Ravens Fan Files Trademark for Team's Motto In Hopes of 'Partnering' on Designs for His Apparel Company
Let's say you're a sports fan. An NFL fan to be exact. Your favorite team has been throwing around a sort of unofficial motto for the season and into the playoffs. It's fun. It's become a rallying cry for a season that could very well end in a championship. It's something every fan, no matter where they're located, can feel a part of. But what if you wanted to be an even bigger part of the team and its identity? What would you do? Would you trademark that phrase in the attempt to sort of extort the team into working with you?
One Las Vegas apparel maker thought that was the best course of action.
Lance Roehl, a fan of the Baltimore Ravens, has filed to trademark the phrase "Big Truss," which was originally coined by the team's running back Mark Ingram. He did it, he says, in the hopes of getting the team's attention to work with them on an official basis.
Well, he got their attention, and is now facing potential legal battles from the NFL and Ingram himself.
According to the Baltimore Sun, Roehl applied for the trademark on Dec. 13, and is hoping his Big Truss store, which features all sorts of apparel products even with players' numbers on them, will lead to a partnership with the Ravens or the NFL agreeing to let him put the Ravens logo on his shirts.
Don't worry, it's cool though—he's donating 5 percent of all sales to the Ravens Foundation, which funds Baltimore-area organizations.
"I'm open to partnering if people would like to work together," Roehl told the Baltimore Sun. "I'm not trying to be difficult or create a problem, but there's a purpose for this [trademark]. I've applied for this, and I will do what I need to do to protect it."
Based on the response from the franchise, Roehl can probably expect to hear from some lawyers before his trademark is theoretically accepted in six-to-nine months' time.
"We are aware that people not associated with the Ravens are trying to capitalize on a saying developed by Ravens players," team spokesperson Patrick Gleason told the Sun.
"That's their viewpoint," Roehl said. "And I have mine."
Roehl has launched a few other sports-focused apparel lines in the past. In 2013, he started the "Lady Ballers" line. Like he plans to do now, he donated 5 percent of the proceeds to nonprofit Girls on the Run.
"I want to turn this into something positive," Roehl said.
It's likely going to turn into a lawsuit, though, if the Ravens' actions toward a Columbia, Maryland-based brewery are any indication. Hysteria Brewing Co. had been using Ravens quarterback Lamar Jackson's likeness and number 8 jersey for a can design, and the Ravens sent a cease-and-desist letter almost immediately.
"It's like the beer, honestly," Cynthia Blake Sanders, a copyright, media and entertainment attorney in Baltimore, told the Sun. "They're using their rights of publicity, not for the Ravens, but to endorse their own products."

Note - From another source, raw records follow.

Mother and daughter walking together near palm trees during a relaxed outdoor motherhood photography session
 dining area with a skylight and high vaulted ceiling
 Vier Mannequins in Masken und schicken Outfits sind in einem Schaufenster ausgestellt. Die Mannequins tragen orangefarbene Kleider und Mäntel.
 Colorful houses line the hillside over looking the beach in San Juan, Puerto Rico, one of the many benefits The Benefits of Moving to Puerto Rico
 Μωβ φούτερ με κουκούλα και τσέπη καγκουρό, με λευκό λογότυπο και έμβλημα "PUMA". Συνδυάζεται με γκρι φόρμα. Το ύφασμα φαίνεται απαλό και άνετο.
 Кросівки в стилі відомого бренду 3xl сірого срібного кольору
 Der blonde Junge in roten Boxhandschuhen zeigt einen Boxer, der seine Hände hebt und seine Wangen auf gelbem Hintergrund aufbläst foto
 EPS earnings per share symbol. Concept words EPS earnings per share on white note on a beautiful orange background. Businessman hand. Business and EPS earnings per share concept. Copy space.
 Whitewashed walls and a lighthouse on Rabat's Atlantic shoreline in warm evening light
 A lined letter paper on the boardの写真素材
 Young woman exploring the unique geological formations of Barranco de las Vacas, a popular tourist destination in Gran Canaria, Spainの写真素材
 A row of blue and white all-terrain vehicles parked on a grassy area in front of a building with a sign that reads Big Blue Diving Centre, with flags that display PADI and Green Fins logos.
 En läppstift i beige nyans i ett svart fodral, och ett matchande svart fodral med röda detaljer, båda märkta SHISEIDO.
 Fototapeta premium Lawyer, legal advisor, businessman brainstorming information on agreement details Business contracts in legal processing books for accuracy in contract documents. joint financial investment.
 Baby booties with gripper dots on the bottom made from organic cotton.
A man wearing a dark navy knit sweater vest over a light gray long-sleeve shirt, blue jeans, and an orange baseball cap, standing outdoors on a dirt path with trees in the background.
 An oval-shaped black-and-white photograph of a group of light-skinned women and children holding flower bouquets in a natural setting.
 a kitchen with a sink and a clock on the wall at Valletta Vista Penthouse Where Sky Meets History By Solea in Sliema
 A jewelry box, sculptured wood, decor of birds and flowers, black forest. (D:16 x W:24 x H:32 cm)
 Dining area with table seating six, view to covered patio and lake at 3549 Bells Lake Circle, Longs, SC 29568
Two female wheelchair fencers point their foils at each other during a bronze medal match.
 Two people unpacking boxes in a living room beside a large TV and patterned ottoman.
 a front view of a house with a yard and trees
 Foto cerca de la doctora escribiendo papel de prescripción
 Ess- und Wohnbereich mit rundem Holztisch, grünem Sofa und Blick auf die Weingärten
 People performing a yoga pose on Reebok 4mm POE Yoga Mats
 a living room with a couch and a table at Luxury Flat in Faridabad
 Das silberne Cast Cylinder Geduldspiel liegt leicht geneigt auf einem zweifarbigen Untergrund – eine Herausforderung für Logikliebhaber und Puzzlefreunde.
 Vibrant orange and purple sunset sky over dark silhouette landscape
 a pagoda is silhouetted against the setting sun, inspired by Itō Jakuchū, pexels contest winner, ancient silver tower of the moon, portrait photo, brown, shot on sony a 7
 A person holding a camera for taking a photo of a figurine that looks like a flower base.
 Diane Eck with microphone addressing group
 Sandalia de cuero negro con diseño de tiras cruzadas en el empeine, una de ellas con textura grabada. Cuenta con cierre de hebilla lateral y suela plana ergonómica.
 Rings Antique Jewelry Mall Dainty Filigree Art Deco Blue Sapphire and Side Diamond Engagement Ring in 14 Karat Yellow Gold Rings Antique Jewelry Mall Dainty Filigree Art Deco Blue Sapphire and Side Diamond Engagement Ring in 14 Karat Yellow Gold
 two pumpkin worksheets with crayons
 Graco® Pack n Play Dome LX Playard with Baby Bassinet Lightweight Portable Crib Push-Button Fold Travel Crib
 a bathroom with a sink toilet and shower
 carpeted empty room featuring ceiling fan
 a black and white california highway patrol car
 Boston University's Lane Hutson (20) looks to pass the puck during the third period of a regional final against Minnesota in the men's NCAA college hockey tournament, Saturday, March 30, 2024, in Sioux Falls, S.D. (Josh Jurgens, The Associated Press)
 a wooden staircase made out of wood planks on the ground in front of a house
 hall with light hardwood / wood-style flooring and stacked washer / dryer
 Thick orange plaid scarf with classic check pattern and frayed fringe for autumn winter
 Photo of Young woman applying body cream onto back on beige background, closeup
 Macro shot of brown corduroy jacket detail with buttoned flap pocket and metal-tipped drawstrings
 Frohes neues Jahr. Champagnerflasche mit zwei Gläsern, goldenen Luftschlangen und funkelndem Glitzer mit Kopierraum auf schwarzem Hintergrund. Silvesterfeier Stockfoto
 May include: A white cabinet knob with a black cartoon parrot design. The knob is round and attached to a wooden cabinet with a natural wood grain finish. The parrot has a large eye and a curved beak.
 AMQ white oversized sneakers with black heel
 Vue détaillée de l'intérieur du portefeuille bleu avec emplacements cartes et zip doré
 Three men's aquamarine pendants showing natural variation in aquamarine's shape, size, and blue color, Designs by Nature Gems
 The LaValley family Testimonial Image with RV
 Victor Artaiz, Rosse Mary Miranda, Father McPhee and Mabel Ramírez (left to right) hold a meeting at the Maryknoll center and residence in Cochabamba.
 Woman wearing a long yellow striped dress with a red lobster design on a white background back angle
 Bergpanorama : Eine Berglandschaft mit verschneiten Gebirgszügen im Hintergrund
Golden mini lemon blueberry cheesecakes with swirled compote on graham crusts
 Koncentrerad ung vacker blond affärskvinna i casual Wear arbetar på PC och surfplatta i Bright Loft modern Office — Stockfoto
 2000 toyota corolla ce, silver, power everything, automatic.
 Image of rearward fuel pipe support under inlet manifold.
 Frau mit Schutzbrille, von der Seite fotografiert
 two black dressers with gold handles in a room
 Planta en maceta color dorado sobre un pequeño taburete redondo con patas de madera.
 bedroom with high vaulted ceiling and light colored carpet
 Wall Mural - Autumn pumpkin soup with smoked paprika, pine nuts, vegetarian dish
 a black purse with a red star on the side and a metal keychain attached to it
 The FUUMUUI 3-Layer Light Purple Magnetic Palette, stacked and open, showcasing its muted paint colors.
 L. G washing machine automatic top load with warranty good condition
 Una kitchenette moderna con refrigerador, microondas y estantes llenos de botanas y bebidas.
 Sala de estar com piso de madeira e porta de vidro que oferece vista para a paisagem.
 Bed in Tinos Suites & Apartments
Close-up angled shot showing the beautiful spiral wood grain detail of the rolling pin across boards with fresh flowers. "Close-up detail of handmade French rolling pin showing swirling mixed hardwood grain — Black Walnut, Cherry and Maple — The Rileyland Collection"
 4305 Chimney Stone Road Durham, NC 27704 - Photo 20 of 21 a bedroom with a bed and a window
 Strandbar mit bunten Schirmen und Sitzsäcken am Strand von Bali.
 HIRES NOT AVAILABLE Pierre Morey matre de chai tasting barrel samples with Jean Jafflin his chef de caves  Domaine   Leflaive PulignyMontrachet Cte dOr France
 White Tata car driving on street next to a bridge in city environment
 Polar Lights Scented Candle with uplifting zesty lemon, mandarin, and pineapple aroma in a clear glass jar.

The NFL is famously protective of all markers, logos and anything else it can make money on. It can't stop everyone selling T-shits and hats in the parking lot, but when something goes online and trademark become involved, a cease-and-desist notice is almost a given.
While Roehl had good intentions of working with his favorite team, he probably shouldn't get his hopes up. The NFL trademark machine is powerful.
Plus, BreakingT, who actually has a licensing agreement with the NFL, is already selling "Big Truss" gear and other merchandise with Ingram's likeness as part of a whole collection. So, while the Ravens might need that "Big Truss" trademark, they don't need Roehl's help.